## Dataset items
____________________

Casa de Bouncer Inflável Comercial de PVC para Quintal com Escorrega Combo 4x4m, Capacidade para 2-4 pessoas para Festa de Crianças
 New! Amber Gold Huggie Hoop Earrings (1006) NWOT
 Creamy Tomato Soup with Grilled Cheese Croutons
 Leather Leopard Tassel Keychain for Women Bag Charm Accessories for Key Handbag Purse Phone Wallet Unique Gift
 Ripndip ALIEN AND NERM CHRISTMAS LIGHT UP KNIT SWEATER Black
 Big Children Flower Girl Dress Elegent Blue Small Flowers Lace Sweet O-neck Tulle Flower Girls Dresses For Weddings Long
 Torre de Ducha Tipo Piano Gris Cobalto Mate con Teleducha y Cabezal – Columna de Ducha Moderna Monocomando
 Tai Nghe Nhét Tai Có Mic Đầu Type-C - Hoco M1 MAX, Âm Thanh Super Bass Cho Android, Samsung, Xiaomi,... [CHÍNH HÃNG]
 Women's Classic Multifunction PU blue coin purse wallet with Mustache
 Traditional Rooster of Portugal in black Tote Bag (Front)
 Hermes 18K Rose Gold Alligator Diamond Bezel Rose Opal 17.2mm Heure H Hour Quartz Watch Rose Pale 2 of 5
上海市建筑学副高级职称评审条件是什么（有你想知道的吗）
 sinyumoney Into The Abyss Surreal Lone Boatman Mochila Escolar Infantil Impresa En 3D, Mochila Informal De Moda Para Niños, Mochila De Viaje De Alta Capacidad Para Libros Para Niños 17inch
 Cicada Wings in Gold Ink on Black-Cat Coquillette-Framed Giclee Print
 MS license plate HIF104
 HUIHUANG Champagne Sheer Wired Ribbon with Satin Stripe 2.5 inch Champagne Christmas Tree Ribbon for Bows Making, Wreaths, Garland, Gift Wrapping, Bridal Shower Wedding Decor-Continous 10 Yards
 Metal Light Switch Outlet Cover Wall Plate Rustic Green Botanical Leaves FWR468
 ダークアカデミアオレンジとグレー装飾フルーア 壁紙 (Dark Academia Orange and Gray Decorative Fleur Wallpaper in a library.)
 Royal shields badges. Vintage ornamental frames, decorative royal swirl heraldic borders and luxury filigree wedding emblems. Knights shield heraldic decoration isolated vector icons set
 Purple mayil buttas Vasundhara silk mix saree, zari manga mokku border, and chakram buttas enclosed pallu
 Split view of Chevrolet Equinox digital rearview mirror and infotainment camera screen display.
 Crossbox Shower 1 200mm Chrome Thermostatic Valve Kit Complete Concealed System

____________________

## INSTRUCTIONS TO FOLLOW
Give back exactly the lines from the beginning of the records through the line containing "Women's Classic Multifunction", and only those.

## RESULT OF THIS TASK
Casa de Bouncer Inflável Comercial de PVC para Quintal com Escorrega Combo 4x4m, Capacidade para 2-4 pessoas para Festa de Crianças
 New! Amber Gold Huggie Hoop Earrings (1006) NWOT
 Creamy Tomato Soup with Grilled Cheese Croutons
 Leather Leopard Tassel Keychain for Women Bag Charm Accessories for Key Handbag Purse Phone Wallet Unique Gift
 Ripndip ALIEN AND NERM CHRISTMAS LIGHT UP KNIT SWEATER Black
 Big Children Flower Girl Dress Elegent Blue Small Flowers Lace Sweet O-neck Tulle Flower Girls Dresses For Weddings Long
 Torre de Ducha Tipo Piano Gris Cobalto Mate con Teleducha y Cabezal – Columna de Ducha Moderna Monocomando
 Tai Nghe Nhét Tai Có Mic Đầu Type-C - Hoco M1 MAX, Âm Thanh Super Bass Cho Android, Samsung, Xiaomi,... [CHÍNH HÃNG]
 Women's Classic Multifunction PU blue coin purse wallet with Mustache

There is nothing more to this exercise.